‘Mega-fires’ change landscape

‘Mega-fires’ change landscape

27 December 2009

published by www.dailyinterlake.com


USA — Towering, apocalyptic smoke columns were signature displays of nature over the last decade, as a series of huge wildfires swept across Montana and other western states.

In Northwest Montana, fires named Moose, Robert, Wedge Canyon, Brush Creek and Chippy Creek have become history, dominating news for weeks on end.

“Fires were a big story this decade,” said Steve Frye, a former commander of one of the country’s elite Type 1 incident management teams. “I do have some vivid memories of the fires of the past decade.”

For Frye, the decade kicked off on Aug. 6, 2000, in the Bitterroot Valley.

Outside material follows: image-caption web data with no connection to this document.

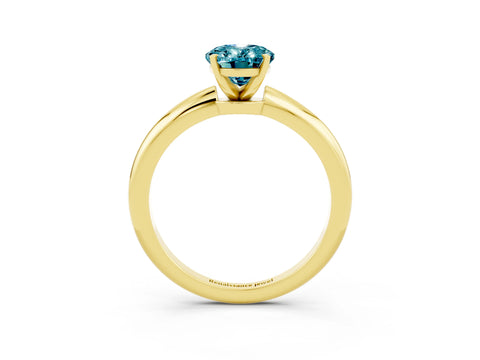 Yellow gold Oval Cut Blue Topaz Solitaire Ring with Six-Prong Setting and Classic Band_3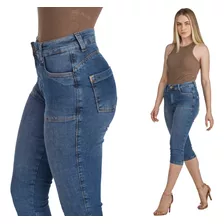 Calça Jeans Capri Feminina Cintura Alta Modeladora Veste Bem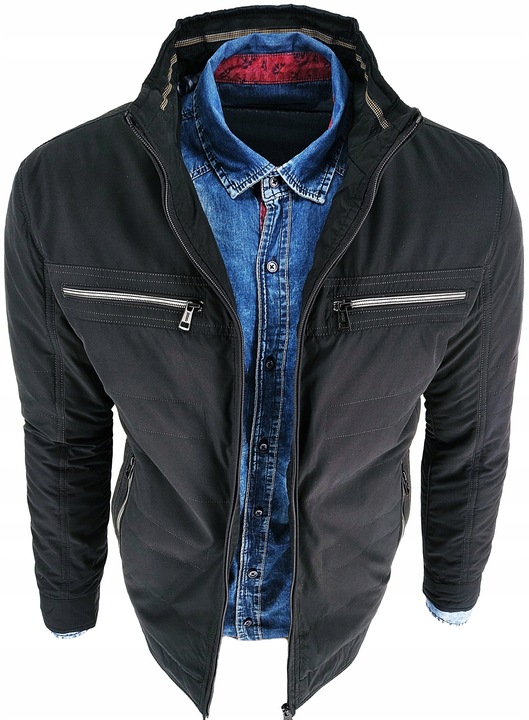 KURTKA MĘSKA PRZEJŚCIOWA PROSTA CIEMNA 3717 M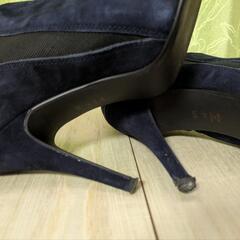 値下げ！ 【ダイアナ】スエード 切替え ショートブーツ 24cm 美品の画像
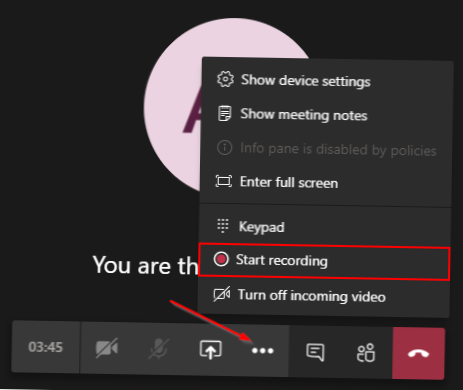 Come registrare una riunione di Microsoft Teams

“That was the day that the various fires in the Bitterroot all came together in the perfect firestorm,” said Frye, a former chief ranger for Glacier National Park who now works for the Department of Natural Resources and Conservation in Kalispell.

“We spent that day evacuating people from their homes … a large number of homes were lost during the firestorm,” Frye said.

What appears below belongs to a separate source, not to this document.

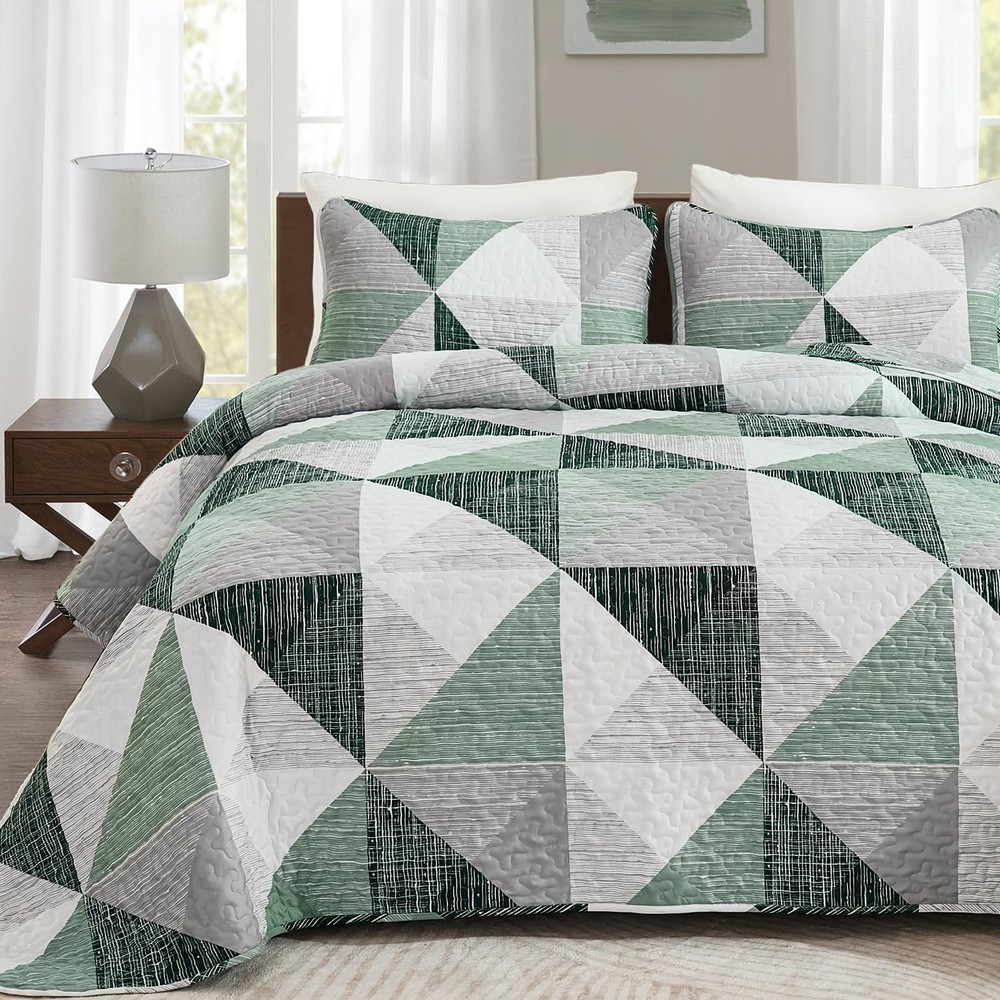 Dintszyayue Quilt Queen Size Green, 3 Pieces Patchwork Bedspread Bedding for ...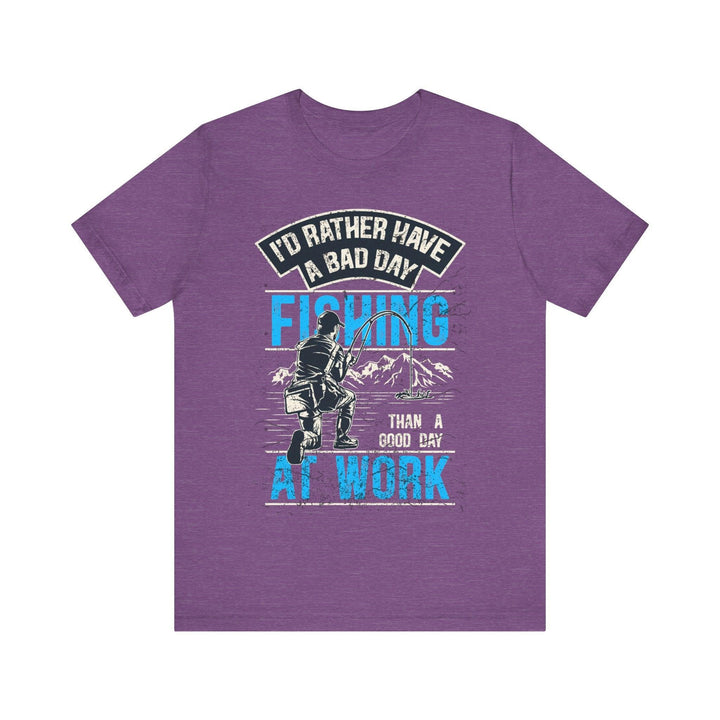 Fishing Bad Day T Shirt | Heather Team Purple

The fire complex raged on for weeks, burning 307,000 acres on national forest lands and 49,000 acres on state and private lands.

It was a telling beginning for the years that followed — large fires had returned to the landscape, and Frye would go on to manage some of the biggest, including Oregon’s 500,000-acre Biscuit fire and the Hayman fire that torched 138,000 acres and 133 homes in Colorado.

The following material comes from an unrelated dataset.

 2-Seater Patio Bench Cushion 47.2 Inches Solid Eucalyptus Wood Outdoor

In 2003, Frye was on another fire assignment in the Bitterroot Valley when he was notified of the Robert Fire that was burning toward his home in West Glacier.

“When our overhead team was in the Bitterroot, my wife and daughter were evacuated from our house in West Glacier,” Frye said.

“We used to talk about large fires being 20,000 or 15,000 acres,” Frye said. “Now we have fires that may exceed that in a single burning period.”

Another former Type 1 incident commander, Bob Sandman, said the term “mega-fires” was coined for the decade.

“We were seeing fires that were lasting for months in duration instead of days and weeks,” said Sandman, manager of the Northwest Land Office for the Department of Natural Resources and Conservation in Kalispell.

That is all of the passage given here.